REITMAN ET AL. v. MULKEY ET AL.
CERTIORARI TO THE SUPREME COURT OF CALIFORNIA.
No. 483. Argued March 20-21, 1967.-Decided May 29, 1967.
The California Legislature, during the period 1959-1963, enacted several statutes regulating racial discrimination in housing. In 1964, pursuant to an initiative and referendum, Art. I, § 26, was added to the state constitution. It provided in part that neither the State nor any agency thereof "shall deny, limit or abridge, directly or indirectly, the right of any person, who is willing or desires to sell, lease or rent any part or all of his real property, to decline to sell, lease or rent such property to such person or persons as he, in his absolute discretion, chooses." The California Supreme Court held that Art. I, § 26, was designed to overturn state laws that bore on the right of private persons to discriminate, that it invalidly involved the State in racial discrimination in the housing market and that it changed the situation from one in which discriminatory practices were restricted to one where they are "encouraged," within the meaning of this Court's decisions. The court concluded that Art. I, § 26, unconstitutionally involves the State in racial discrimination and is therefore invalid under the Equal Protection Clause of the Fourteenth Amendment. Held: The California Supreme Court believes that Art.

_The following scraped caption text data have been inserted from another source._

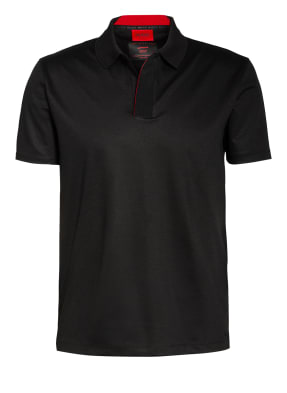 HUGO Piqué-Poloshirt DEKOK Regular Fit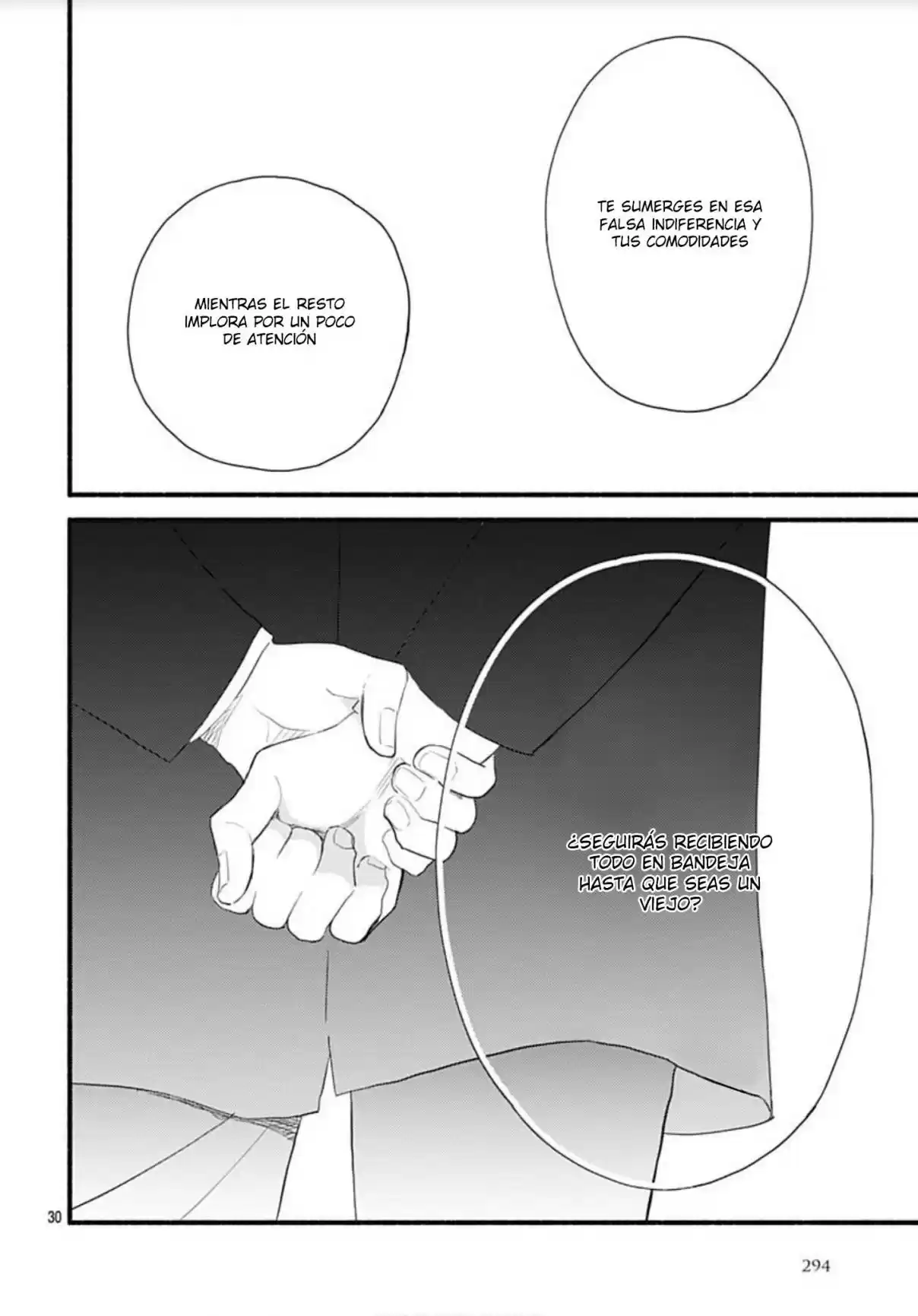 Omukae Shibuya-kun capítulo 28, página 32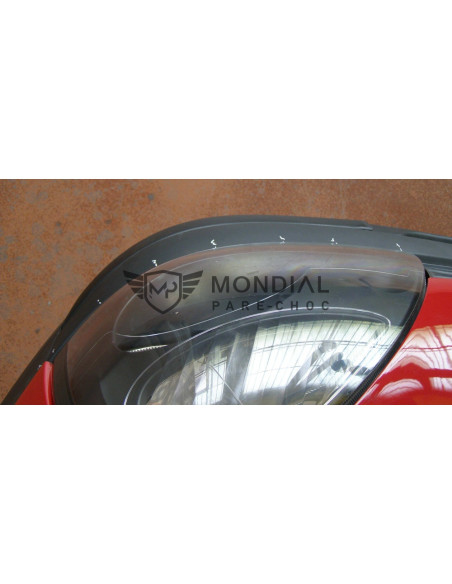 Pare-chocs avant Renault CLIO II - phase 2 Par-Ren-1314 (06/2001 au 08/2005)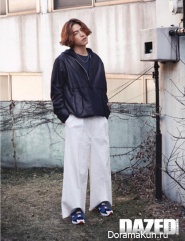 Hong Jong Hyun для Dazed & Confused Magazine 2014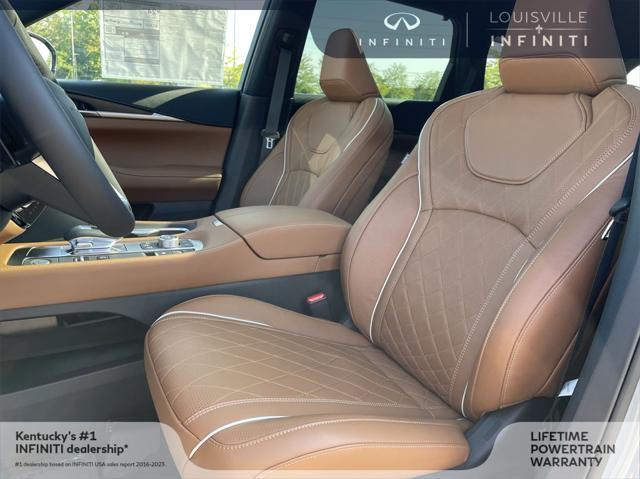 new 2025 INFINITI QX60 car, priced at $68,437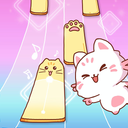 Magic Cat Tiles - Cute Piano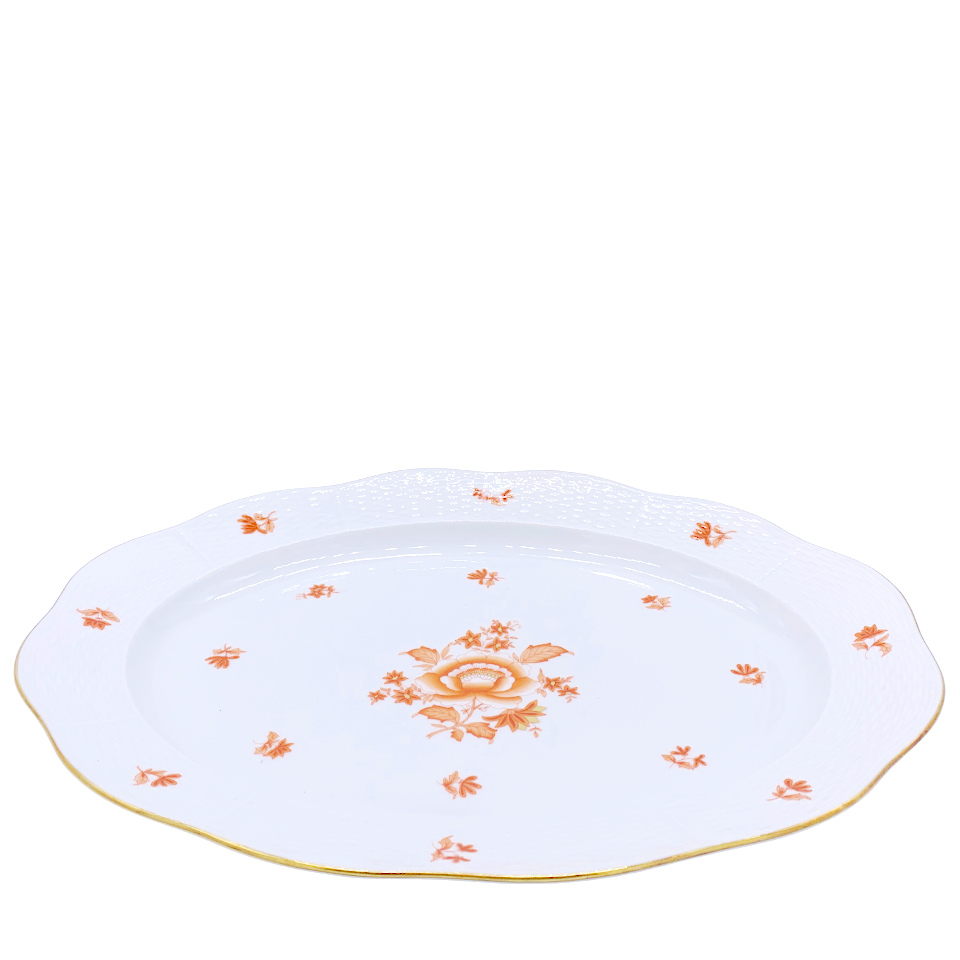 HEREND piatto portata ovale NBH101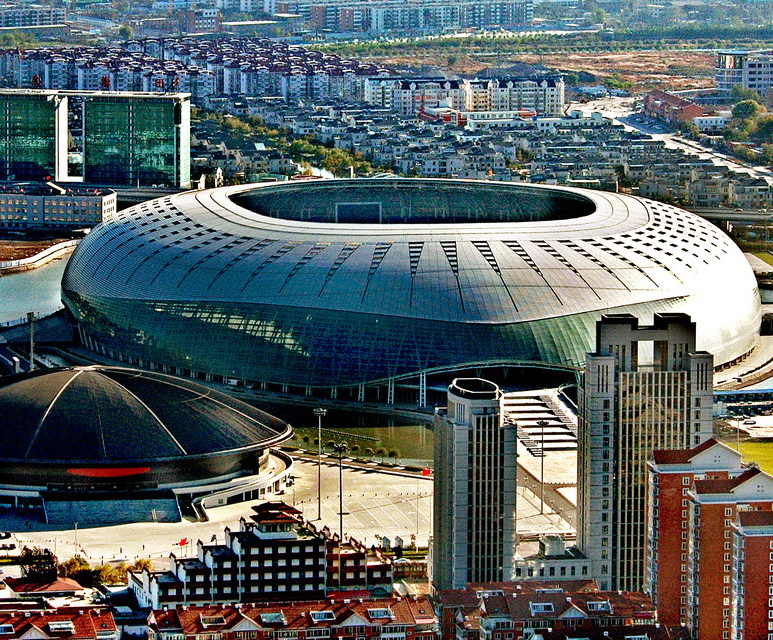 占地 12.23 公顷,总建筑面积为 5 万多平方米.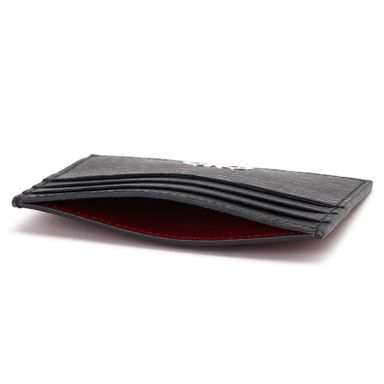 [6cc Card Wallet #66-A302] Salvatore Ferragamo Silver Double Ganchini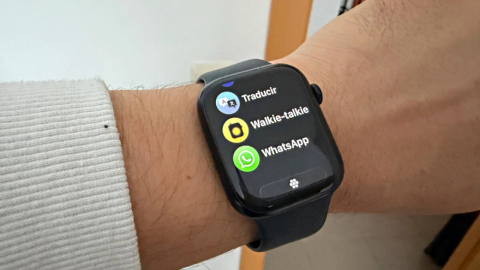 WhatsApp Apple Watch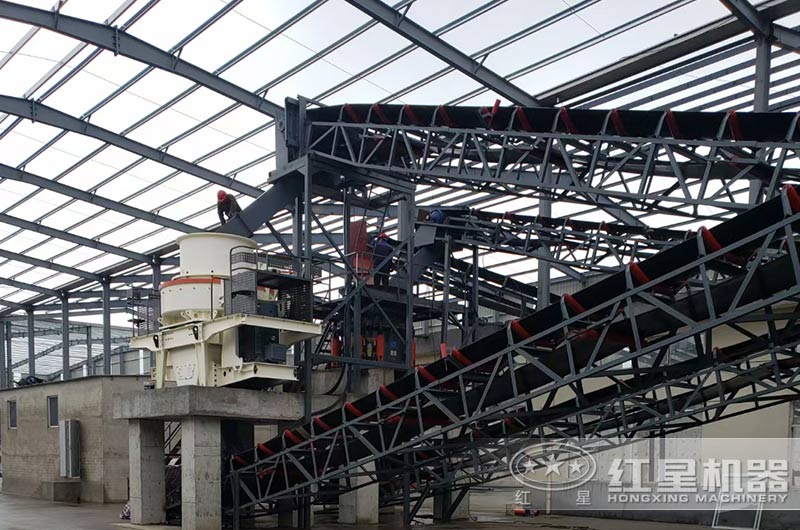 13碎石粒徑是多少？制沙用什么打砂機(jī)？日產(chǎn)800方生產(chǎn)線投資多少？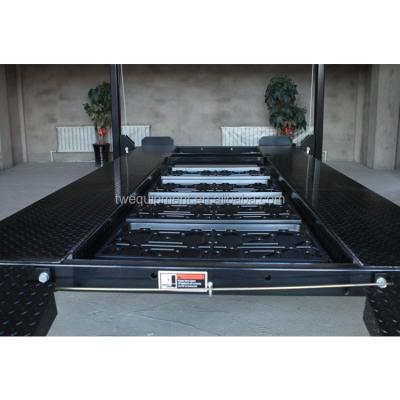 China Parking Car China Four Post Vehicle Lift Manufacturers for sale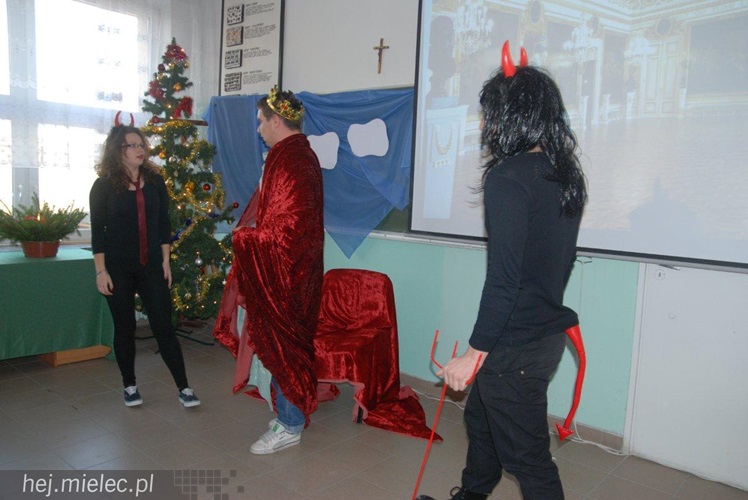 Jasełka w Zespole Szkół Budowlanych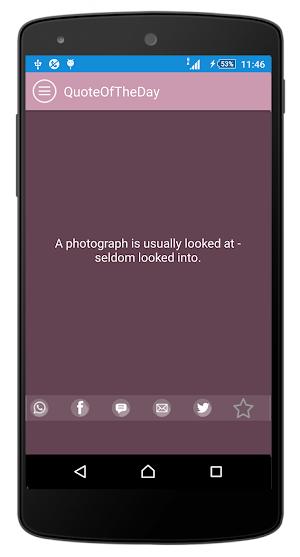 Awesome Quotes Screenshot 3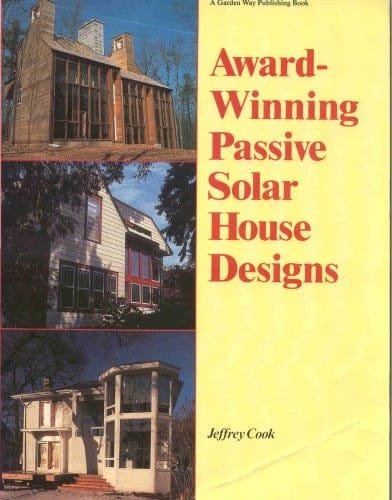 Award-winning passive solar house designs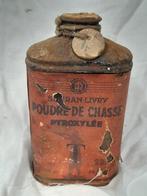 Oude jagers kruit blikje, Ophalen of Verzenden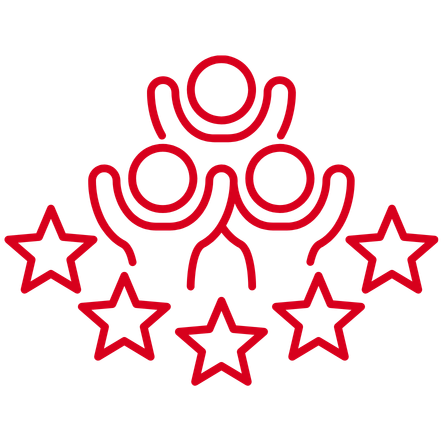 Visitor Experience Icon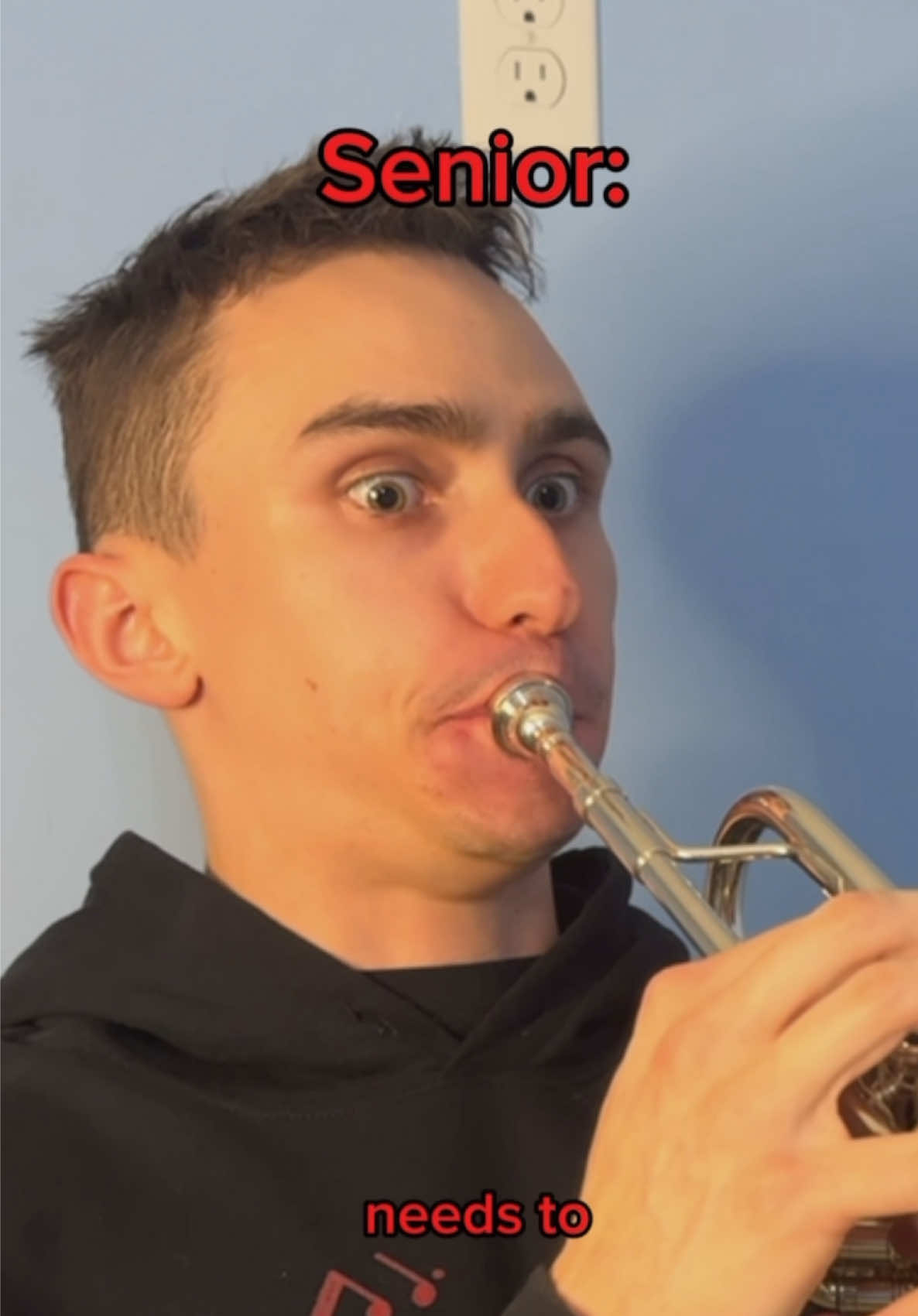 When they start a high note competition #trumpet #musician #marchingband #trombone #band #trumpets #flute #trombone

I, § 26, which does not merely repeal existing law forbidding private racial discrimination but authorizes racial discrimination in the housing market and establishes the right to discriminate as a basic state policy, will significantly encourage and involve the State in private discriminations. No persuasive considerations indicating that the judgments herein should be overturned have been presented, and they are affirmed. Pp. 373-381.